When you look in the eyes of a child, and the eyes of grandchildren, you travel in time.
My recent trip to Missouri to see youngest son Derrick, his wife Naomi, and granddaughter Liberty Faye and new grandson Barrett Bryderick brought that home to me.
Speeding down truck-crowded Interstate 70 in central Missouri near the end of a long day, my thoughts were on the textures and colors of an early fall landscape as another year swept swiftly by, like the mileposts on the side of the highway.
But when you arrive at the destination and pull onto the back roads, you slow down and so does everything else, especially when you move into the world of young grandchildren. Theirs is the world of "Now," of books and games and coloring books and food and naps and picnics and walks and swings in the park, and crying when things don't go right. As long as there are loving parents, tomorrow and being in a hurry don't exist.

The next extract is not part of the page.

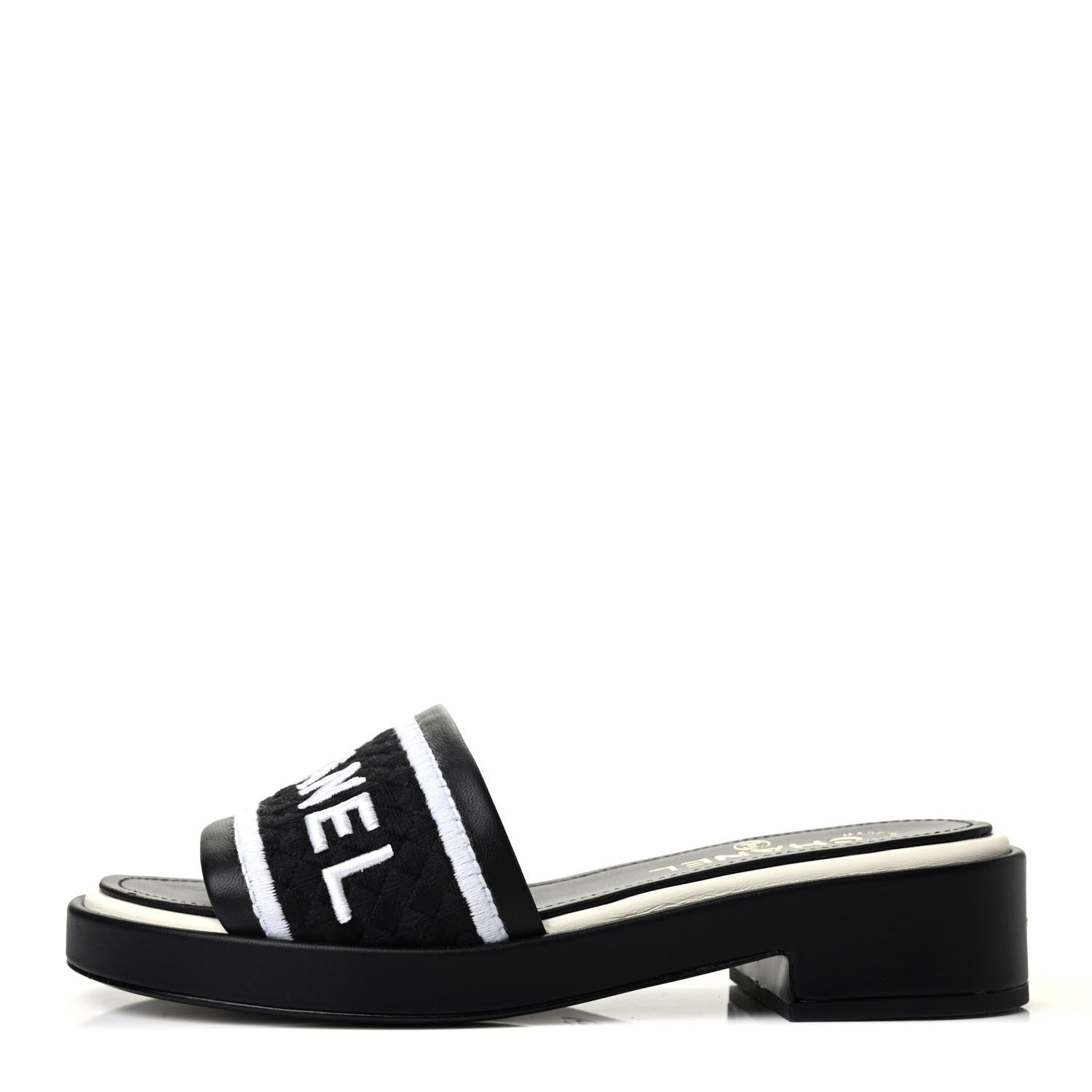 Chanel Lambskin Embroidered CC Mule Sandal 37 Black White 1 of 11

I watch my smiling son, eyes full of wonder, lying on the floor on a rug with his son, six weeks old, turning his head to his father's voice. Now I know whey we still all like to sit down on the floor to read or watch TV or just get in a different position. It's more than comfortable...it takes us back in time to when we were trying to life our heads, learning to turn over or crawl, before we were trying to take those first steps that would eventually separate us from playing on the present-tense floor most of our lives.
Traveling back in time, I can remember when each of my children were there. Traveling forward in time, I know the next time I see the grandchildren, they will have grown.
Before long, I will have to head back home down that hurried Interstate, to the world of tenses, because the future intrudes. But for a while, I travel in time to the world of "Now," where past and future are not separate, but joined in the eyes of children and grandchildren.